Dataset records:
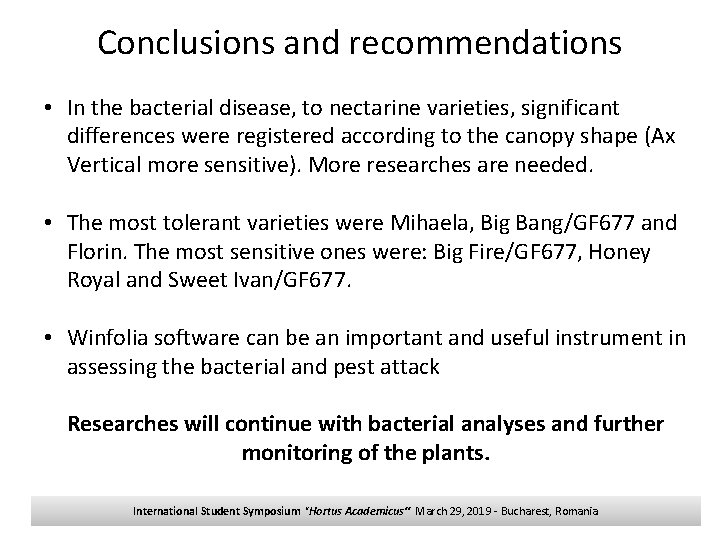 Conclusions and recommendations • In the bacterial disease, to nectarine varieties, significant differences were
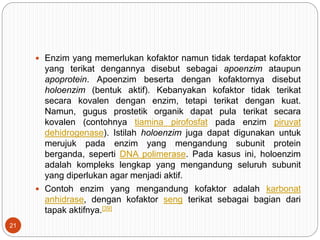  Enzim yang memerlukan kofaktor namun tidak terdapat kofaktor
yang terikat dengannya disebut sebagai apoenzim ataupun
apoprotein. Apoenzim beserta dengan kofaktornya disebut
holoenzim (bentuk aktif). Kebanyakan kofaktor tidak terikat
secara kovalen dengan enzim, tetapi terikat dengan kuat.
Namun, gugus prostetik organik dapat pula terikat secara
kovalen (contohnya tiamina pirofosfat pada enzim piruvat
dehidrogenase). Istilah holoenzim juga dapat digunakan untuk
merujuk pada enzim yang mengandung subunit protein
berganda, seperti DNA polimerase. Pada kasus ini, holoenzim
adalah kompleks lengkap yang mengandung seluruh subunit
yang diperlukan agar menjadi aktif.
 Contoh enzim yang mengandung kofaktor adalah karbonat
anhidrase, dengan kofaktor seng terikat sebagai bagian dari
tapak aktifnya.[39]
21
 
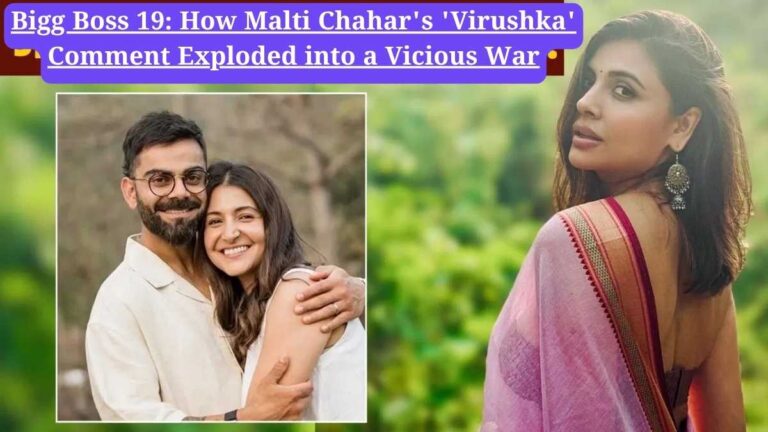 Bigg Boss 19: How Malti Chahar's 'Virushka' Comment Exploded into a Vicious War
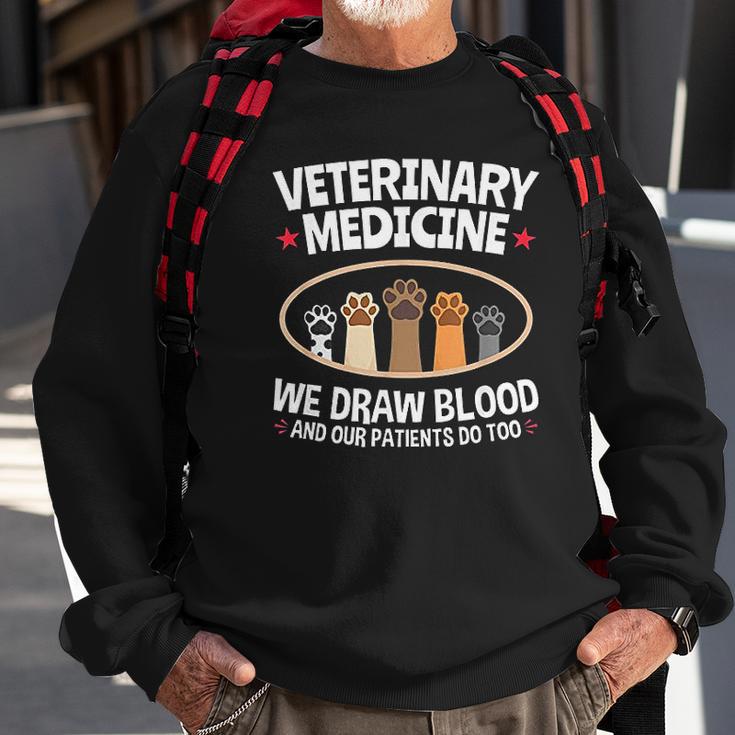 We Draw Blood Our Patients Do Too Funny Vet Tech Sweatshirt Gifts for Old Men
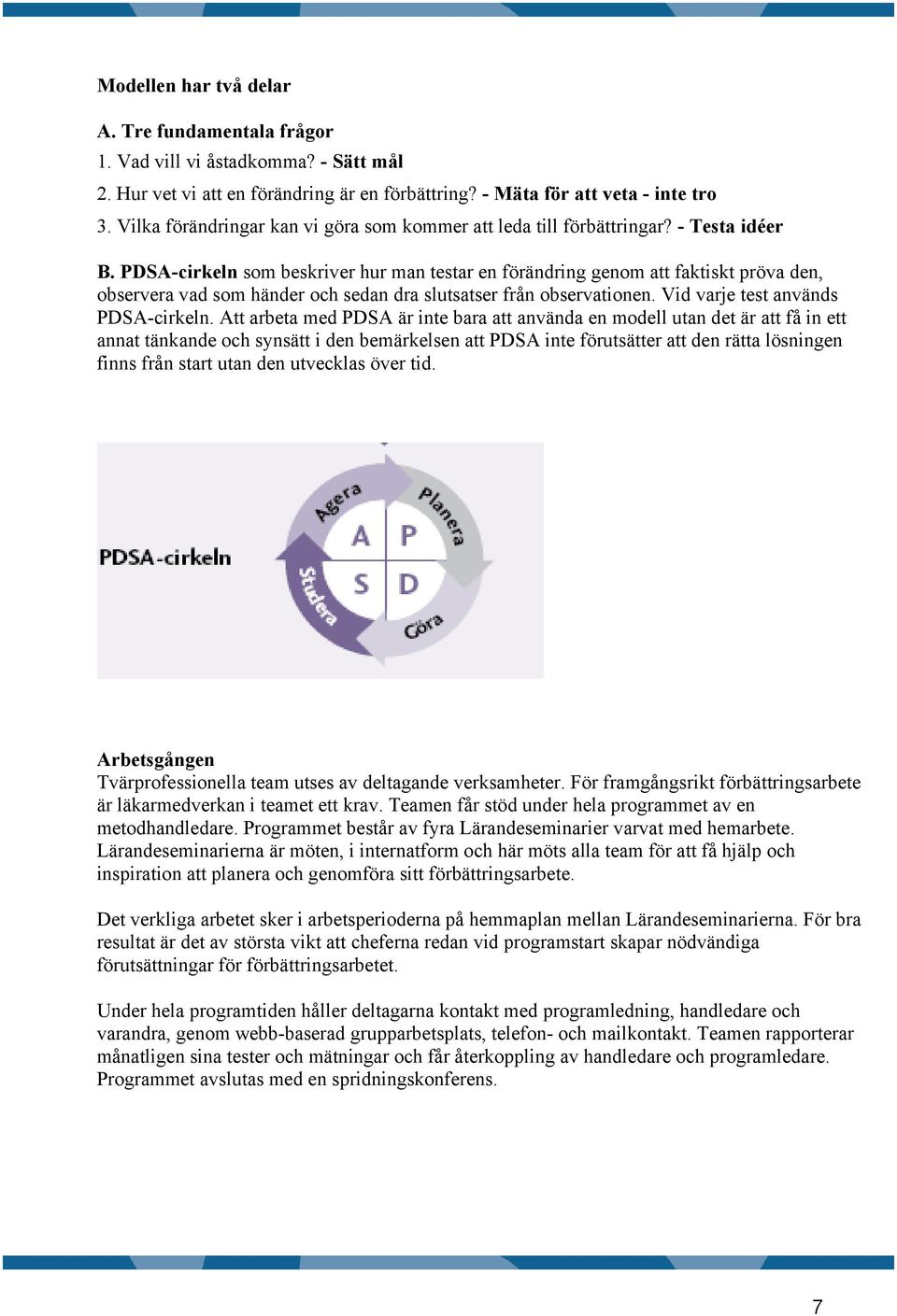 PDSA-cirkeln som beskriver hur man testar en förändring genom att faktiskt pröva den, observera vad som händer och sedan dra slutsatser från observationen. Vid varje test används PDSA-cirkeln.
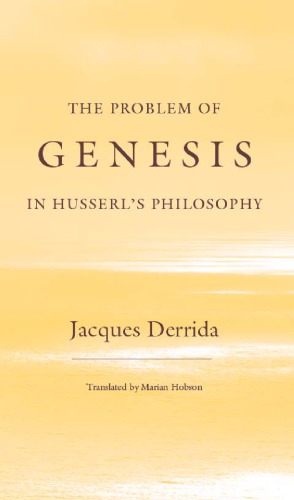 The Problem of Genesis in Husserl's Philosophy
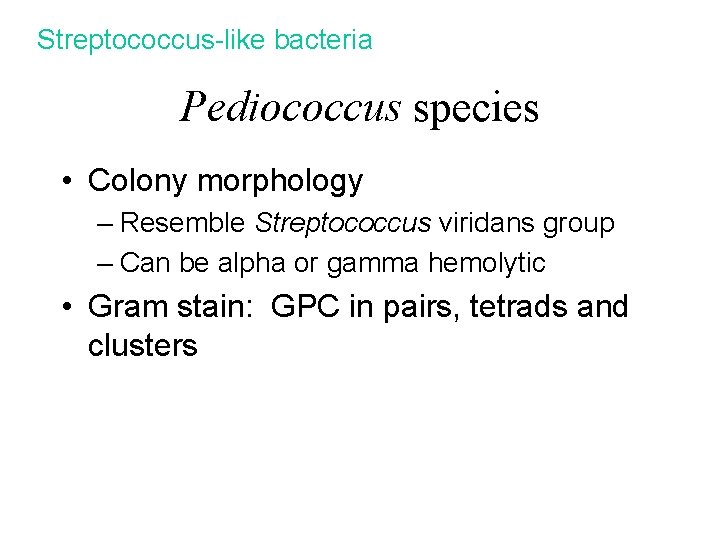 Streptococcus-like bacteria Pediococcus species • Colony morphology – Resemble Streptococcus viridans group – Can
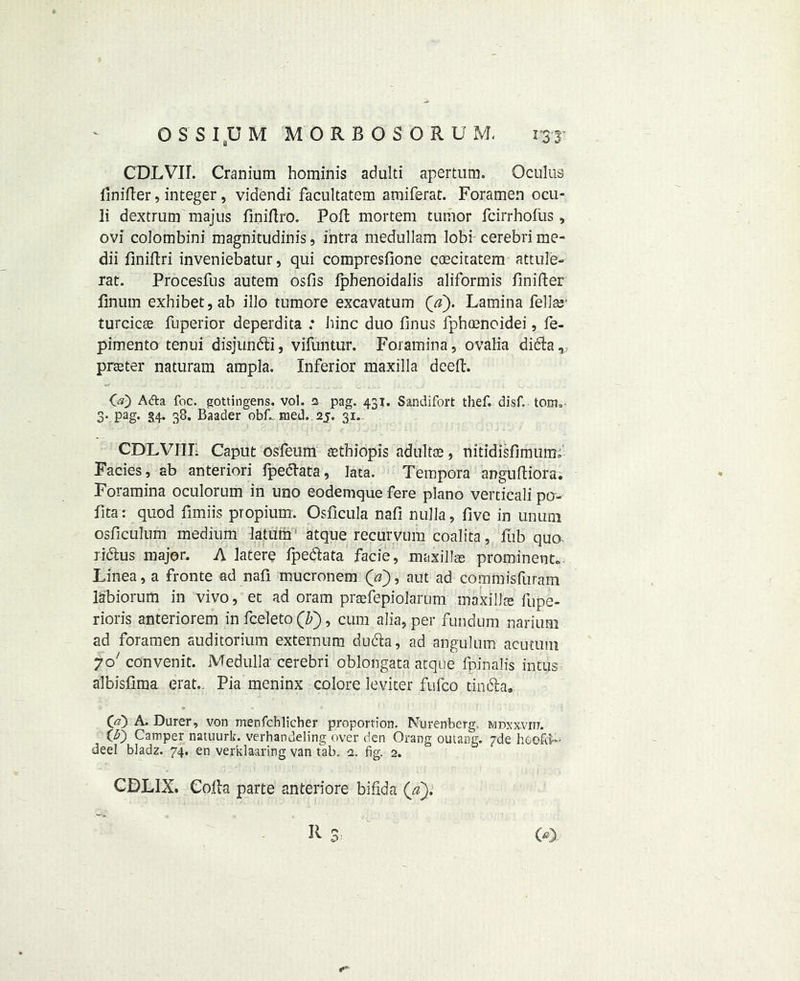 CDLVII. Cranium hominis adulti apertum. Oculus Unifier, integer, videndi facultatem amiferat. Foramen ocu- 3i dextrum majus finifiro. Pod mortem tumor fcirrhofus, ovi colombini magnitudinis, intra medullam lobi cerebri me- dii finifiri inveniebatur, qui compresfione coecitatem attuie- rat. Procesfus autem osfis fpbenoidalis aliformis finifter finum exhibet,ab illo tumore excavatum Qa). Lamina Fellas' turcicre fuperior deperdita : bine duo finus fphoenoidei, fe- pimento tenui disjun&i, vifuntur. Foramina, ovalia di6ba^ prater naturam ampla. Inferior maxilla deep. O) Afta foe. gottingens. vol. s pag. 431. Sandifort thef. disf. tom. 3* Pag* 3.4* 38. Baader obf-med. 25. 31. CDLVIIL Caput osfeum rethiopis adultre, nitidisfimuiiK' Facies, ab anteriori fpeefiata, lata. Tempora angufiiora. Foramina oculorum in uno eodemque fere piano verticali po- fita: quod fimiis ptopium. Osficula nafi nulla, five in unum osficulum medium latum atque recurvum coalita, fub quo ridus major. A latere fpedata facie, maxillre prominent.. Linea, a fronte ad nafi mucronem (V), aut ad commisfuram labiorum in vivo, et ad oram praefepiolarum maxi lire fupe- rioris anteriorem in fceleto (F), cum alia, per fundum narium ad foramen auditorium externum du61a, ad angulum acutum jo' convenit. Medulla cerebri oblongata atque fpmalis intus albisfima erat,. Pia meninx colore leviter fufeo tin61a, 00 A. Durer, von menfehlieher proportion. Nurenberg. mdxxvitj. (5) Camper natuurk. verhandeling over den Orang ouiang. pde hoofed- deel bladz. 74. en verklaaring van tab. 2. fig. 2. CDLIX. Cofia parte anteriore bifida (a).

Task goal: Only a number belongs in the answer: state how many lines of the entries above hold "sebagai".

Solution: 2